Political philosopher Martin O'Neill looks at the thinking behind a political issue of the day. In h

By Martin O'Neill

In a letter to his friend Jean-Baptiste Leroy in 1789, Benjamin Franklin famously opined that “in the world nothing can be said to be certain except death and taxes.” Franklin was surely right about this, just as his judgment was sound in so many other matters – after all, this was the man who told us that “beer is living proof that God loves us and wants us to be happy”. But it is astonishing how often passions become enflamed, and good sense goes out the window, when we encounter the heady mix of mortality and tax.

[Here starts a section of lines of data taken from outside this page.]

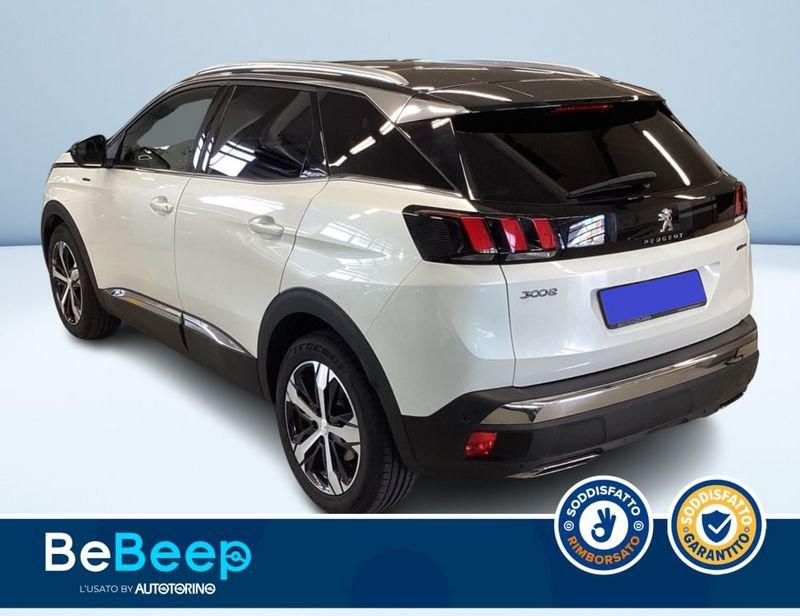 Peugeot 3008 1.5 BLUEHDI GT LINE S&S 130CV EAT8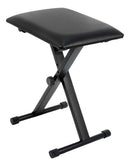 PIANO PORTATIL DIGITAL YAMAHA P145BT CON BASE Y BANCO AJUSTABLE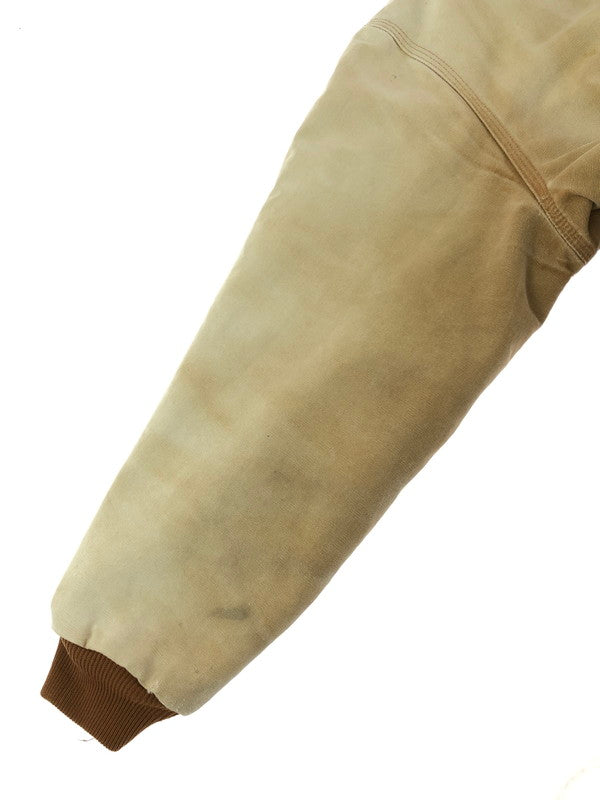 【現状渡し品】【メンズ】 Carhartt カーハート ACTIVE JACKET USA製 15年製 アクティブ ジャケット 146-260404-rt-10-tag サイズ：XL カラー：ブラウン 万代Net店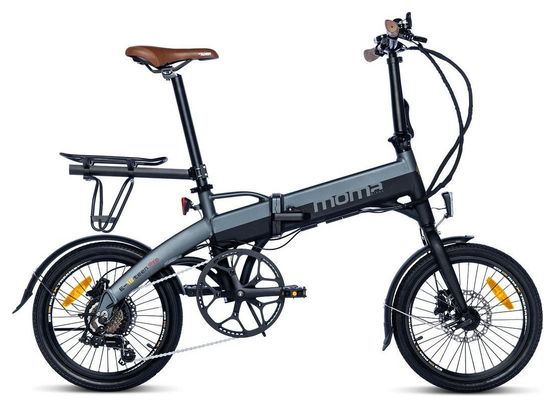 Vélo Electrique Pliant de Ville  E-Bike E-18TEEN  Aluminium  SHIMANO 7V  Batterie Ion Lithium 36V 9Ah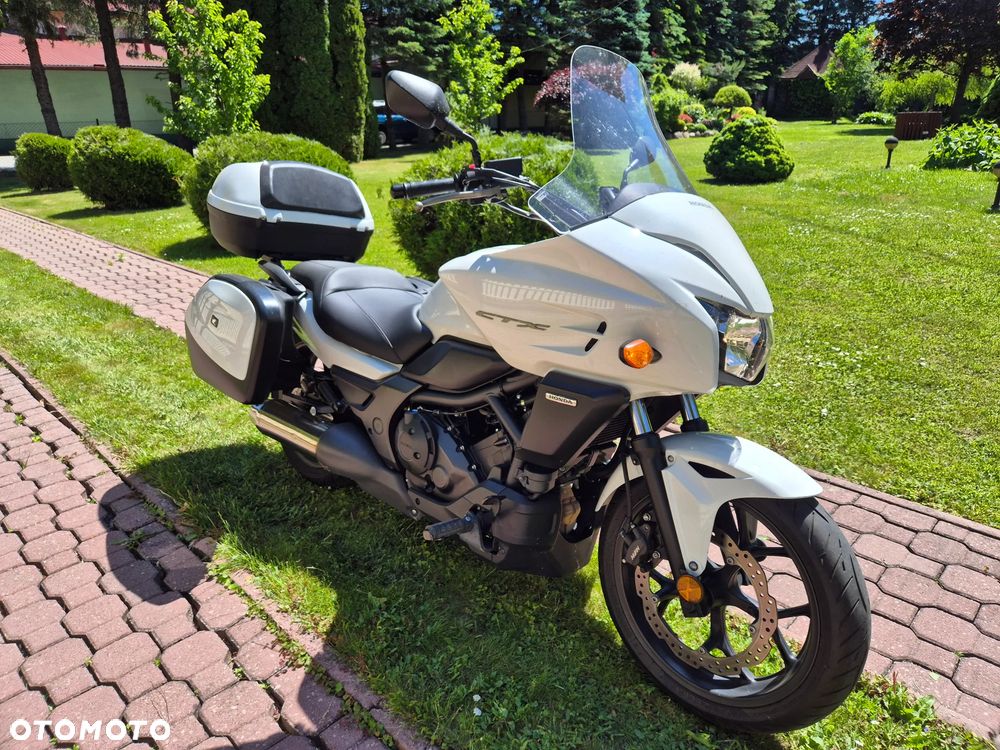 Honda CTX - 5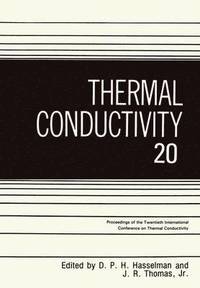 bokomslag Thermal Conductivity 20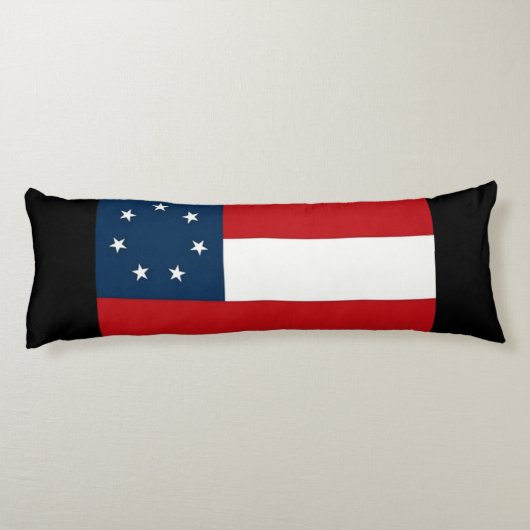 ROBERT E. LEE LICHAAMSKUSSEN (Achterkant)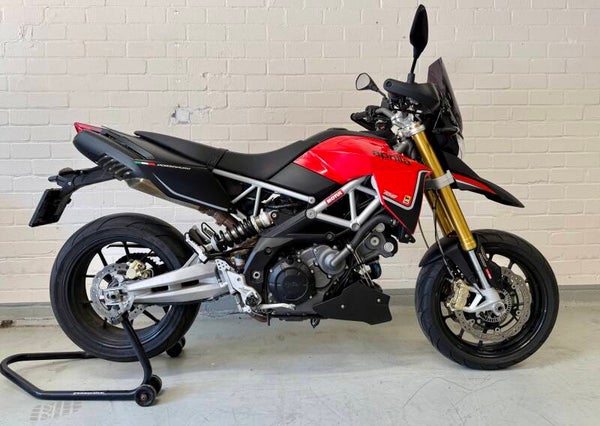 Aprilia Dorsoduro 750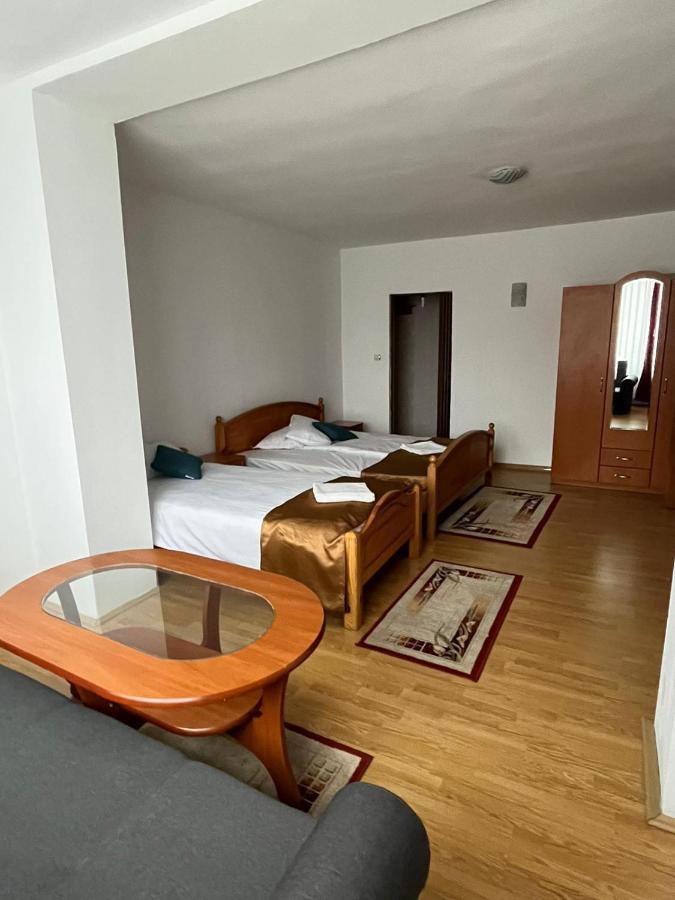 Hotel Casa Conti Sybin Zewnętrze zdjęcie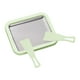 thumbnail image 4 of Máquina para hacer helados instantáneos enrollados, sartén, placa fría instantánea, acero inoxidable para el hogar Verde, 4 of 7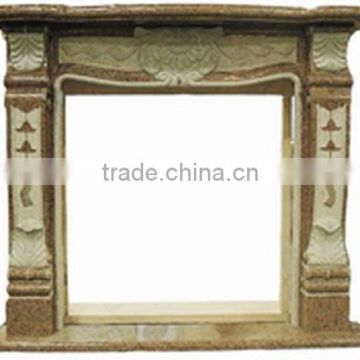 Stone Fireplace / Marble Fireplace/Sandstone Fireplace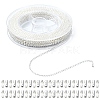 1 Roll Iron Ball Bead Chains CH-YW0002-04S-1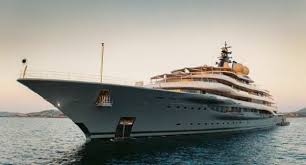 How jeff bezos, now the richest person in the world, spends his billions. Inside 145b Flying Fox Mega Yacht Of The World Richest Man Jeff Bezos Naijauto Com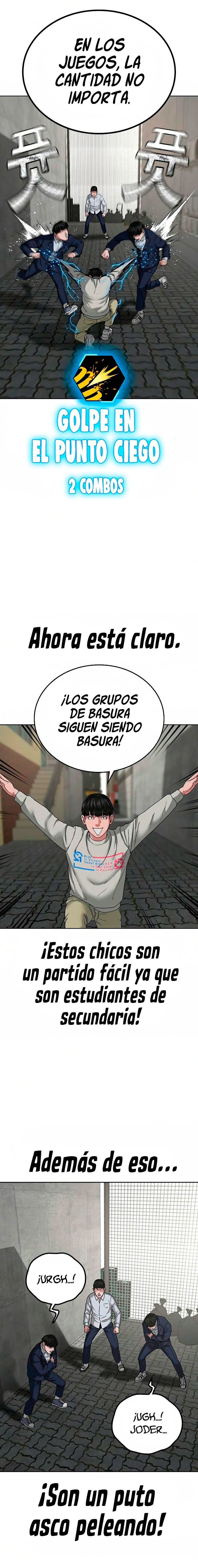 Reality Quest Capitulo 16 página 17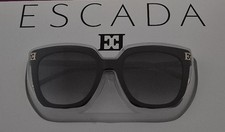 new in box fashion Escada sunglasses case includes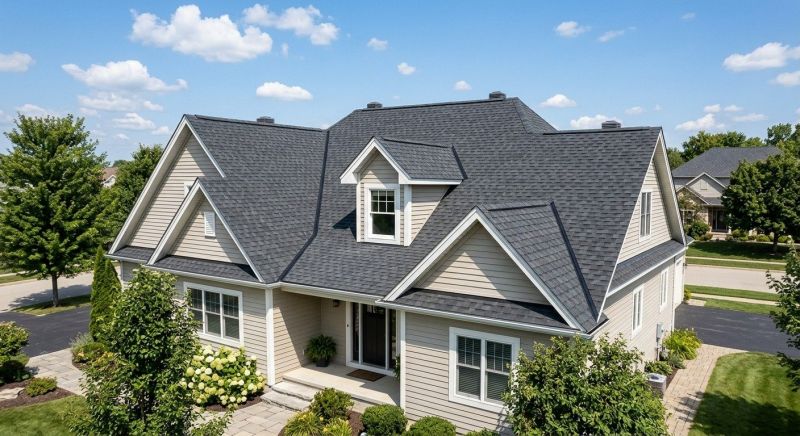 Roof Replacement in Oxford, MI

Recent events have borne this out. No matter when the next election is held – obviously it’s now later rather than sooner – Inheritance Tax (IHT) will be one of the key issues, with Tory plans to raise the IHT threshold from £300,000 to £1,000,000 promising to be their most popular single policy.

David Cameron and George Osborne have found a policy that resonates with the fears and aspirations of many of their fellow citizens, who hold IHT in suspicion and opprobrium. IHT is seen as a despicable “death tax”, which hits families just when they’re down. Moreover, it is seen as especially illegitimate, given that it is a form of “double taxation” (“why should the government take my money, when they already taxed me when I earned it?”).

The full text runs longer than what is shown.